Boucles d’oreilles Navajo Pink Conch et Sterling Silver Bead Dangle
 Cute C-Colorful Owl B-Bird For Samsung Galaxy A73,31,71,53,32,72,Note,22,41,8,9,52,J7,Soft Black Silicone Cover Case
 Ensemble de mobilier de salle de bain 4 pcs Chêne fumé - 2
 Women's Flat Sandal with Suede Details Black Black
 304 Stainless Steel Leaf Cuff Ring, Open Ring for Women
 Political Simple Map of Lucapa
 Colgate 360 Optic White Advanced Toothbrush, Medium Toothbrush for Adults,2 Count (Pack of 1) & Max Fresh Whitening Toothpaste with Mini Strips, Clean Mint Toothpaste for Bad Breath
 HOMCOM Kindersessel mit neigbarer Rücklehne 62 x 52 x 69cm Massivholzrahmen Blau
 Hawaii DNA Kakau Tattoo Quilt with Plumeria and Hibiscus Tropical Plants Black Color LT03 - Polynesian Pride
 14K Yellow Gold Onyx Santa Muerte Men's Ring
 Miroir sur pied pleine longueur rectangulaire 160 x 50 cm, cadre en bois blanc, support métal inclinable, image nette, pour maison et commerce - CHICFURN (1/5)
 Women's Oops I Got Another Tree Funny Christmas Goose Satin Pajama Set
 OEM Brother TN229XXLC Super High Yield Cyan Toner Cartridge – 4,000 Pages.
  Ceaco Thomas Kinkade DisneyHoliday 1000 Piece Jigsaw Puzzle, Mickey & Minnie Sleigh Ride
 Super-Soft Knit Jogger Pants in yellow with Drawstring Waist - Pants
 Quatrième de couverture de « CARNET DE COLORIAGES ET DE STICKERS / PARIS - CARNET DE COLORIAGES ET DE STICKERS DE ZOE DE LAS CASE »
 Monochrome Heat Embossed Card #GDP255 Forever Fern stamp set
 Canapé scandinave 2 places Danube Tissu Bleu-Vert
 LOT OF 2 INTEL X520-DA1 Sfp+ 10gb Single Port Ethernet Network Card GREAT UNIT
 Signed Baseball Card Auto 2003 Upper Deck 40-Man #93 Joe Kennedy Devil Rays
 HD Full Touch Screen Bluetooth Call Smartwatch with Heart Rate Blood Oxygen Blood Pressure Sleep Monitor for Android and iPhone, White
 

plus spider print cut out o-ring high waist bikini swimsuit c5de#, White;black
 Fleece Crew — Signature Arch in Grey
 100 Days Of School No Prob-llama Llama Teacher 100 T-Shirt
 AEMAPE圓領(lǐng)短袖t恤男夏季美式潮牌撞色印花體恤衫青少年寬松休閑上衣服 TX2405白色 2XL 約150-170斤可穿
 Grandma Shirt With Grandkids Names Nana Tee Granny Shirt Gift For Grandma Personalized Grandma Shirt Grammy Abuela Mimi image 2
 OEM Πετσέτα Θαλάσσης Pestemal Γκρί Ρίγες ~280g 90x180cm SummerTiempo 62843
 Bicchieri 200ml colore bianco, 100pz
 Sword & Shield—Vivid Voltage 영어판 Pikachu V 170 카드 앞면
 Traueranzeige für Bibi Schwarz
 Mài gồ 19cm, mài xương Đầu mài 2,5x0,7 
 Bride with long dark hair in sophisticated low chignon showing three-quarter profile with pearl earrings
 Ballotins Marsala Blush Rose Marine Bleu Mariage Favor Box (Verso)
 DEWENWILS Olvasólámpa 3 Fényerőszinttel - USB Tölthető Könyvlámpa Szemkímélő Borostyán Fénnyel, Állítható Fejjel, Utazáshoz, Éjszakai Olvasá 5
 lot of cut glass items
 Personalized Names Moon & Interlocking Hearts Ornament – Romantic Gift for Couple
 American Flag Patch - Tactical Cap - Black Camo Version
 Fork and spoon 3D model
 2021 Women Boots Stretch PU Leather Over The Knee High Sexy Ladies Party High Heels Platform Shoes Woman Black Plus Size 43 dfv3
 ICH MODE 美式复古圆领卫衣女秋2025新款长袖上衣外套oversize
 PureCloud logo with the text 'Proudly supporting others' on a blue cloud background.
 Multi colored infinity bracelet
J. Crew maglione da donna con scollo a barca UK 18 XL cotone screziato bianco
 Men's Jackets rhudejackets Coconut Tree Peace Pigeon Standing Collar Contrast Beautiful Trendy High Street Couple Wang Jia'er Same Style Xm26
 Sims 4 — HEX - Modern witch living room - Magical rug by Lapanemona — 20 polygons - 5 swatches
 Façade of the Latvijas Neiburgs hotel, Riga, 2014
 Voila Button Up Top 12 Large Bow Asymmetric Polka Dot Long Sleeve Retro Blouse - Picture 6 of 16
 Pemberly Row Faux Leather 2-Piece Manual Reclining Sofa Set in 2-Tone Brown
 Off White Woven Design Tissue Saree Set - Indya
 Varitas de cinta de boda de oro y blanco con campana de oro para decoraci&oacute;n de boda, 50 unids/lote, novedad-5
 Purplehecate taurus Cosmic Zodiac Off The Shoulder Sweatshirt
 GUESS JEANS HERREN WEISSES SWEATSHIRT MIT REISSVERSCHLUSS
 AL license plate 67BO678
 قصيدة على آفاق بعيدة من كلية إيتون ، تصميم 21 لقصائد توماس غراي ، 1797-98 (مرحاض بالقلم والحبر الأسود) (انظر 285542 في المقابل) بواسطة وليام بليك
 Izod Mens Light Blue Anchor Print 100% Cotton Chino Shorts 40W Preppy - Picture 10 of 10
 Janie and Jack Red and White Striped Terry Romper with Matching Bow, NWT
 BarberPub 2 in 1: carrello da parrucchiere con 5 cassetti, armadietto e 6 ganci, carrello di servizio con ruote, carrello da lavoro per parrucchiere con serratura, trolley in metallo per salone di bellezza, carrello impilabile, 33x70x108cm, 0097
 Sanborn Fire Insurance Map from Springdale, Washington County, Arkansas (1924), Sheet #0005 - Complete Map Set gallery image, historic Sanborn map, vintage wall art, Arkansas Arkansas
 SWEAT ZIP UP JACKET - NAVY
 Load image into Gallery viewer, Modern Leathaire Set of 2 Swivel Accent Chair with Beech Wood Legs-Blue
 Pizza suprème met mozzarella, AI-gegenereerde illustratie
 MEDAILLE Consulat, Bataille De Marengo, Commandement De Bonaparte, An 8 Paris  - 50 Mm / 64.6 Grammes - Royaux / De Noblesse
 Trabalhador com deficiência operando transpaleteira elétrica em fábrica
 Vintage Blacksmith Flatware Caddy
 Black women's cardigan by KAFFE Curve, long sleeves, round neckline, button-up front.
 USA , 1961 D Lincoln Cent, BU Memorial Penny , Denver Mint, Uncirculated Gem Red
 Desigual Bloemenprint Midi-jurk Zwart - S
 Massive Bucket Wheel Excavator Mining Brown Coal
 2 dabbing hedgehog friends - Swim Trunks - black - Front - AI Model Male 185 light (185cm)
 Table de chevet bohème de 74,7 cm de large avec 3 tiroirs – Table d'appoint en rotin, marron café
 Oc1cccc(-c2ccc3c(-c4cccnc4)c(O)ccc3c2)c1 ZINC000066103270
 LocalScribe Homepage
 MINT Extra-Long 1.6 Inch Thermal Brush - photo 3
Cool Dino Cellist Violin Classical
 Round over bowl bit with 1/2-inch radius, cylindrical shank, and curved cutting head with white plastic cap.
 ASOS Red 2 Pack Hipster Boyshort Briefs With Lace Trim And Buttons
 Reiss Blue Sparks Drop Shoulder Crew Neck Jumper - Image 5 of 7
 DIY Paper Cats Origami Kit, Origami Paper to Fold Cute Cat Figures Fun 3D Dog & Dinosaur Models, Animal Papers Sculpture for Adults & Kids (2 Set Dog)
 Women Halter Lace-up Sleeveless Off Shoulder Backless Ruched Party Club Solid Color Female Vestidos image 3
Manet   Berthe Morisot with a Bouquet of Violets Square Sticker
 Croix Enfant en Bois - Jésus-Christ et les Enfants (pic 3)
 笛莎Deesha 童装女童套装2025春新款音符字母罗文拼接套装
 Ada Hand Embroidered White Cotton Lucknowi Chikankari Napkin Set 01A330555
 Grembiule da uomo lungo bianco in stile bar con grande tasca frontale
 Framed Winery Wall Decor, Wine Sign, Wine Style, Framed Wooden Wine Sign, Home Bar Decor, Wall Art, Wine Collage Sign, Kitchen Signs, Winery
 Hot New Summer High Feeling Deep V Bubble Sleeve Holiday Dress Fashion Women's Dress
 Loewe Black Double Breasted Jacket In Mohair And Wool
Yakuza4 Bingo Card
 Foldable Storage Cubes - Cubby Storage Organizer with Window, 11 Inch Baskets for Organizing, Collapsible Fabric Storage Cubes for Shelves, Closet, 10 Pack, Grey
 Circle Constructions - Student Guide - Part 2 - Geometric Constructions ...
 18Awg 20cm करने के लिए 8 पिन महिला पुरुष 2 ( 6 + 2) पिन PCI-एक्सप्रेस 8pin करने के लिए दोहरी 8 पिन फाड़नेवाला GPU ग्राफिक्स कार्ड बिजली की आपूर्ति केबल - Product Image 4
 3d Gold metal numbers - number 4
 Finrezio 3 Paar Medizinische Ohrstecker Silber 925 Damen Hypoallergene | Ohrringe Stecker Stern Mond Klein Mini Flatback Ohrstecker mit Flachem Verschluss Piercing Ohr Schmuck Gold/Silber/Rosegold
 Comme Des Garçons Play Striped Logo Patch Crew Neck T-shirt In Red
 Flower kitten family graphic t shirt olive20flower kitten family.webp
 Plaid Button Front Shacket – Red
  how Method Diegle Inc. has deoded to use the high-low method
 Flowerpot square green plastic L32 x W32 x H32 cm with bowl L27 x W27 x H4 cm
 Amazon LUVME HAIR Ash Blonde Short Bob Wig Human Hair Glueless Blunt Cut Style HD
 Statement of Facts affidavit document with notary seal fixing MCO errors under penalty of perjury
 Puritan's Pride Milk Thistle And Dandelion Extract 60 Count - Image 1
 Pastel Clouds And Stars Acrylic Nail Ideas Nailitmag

◆ REQUIRED WORK ◆
After locating the line with "Grembiule da uomo" above, return that line and every later line through the one with "3d Gold metal numbers - number 4", word for word and with nothing else.

◆ YOUR SOLUTION ◆
 Grembiule da uomo lungo bianco in stile bar con grande tasca frontale
 Framed Winery Wall Decor, Wine Sign, Wine Style, Framed Wooden Wine Sign, Home Bar Decor, Wall Art, Wine Collage Sign, Kitchen Signs, Winery
 Hot New Summer High Feeling Deep V Bubble Sleeve Holiday Dress Fashion Women's Dress
 Loewe Black Double Breasted Jacket In Mohair And Wool
Yakuza4 Bingo Card
 Foldable Storage Cubes - Cubby Storage Organizer with Window, 11 Inch Baskets for Organizing, Collapsible Fabric Storage Cubes for Shelves, Closet, 10 Pack, Grey
 Circle Constructions - Student Guide - Part 2 - Geometric Constructions ...
 18Awg 20cm करने के लिए 8 पिन महिला पुरुष 2 ( 6 + 2) पिन PCI-एक्सप्रेस 8pin करने के लिए दोहरी 8 पिन फाड़नेवाला GPU ग्राफिक्स कार्ड बिजली की आपूर्ति केबल - Product Image 4
 3d Gold metal numbers - number 4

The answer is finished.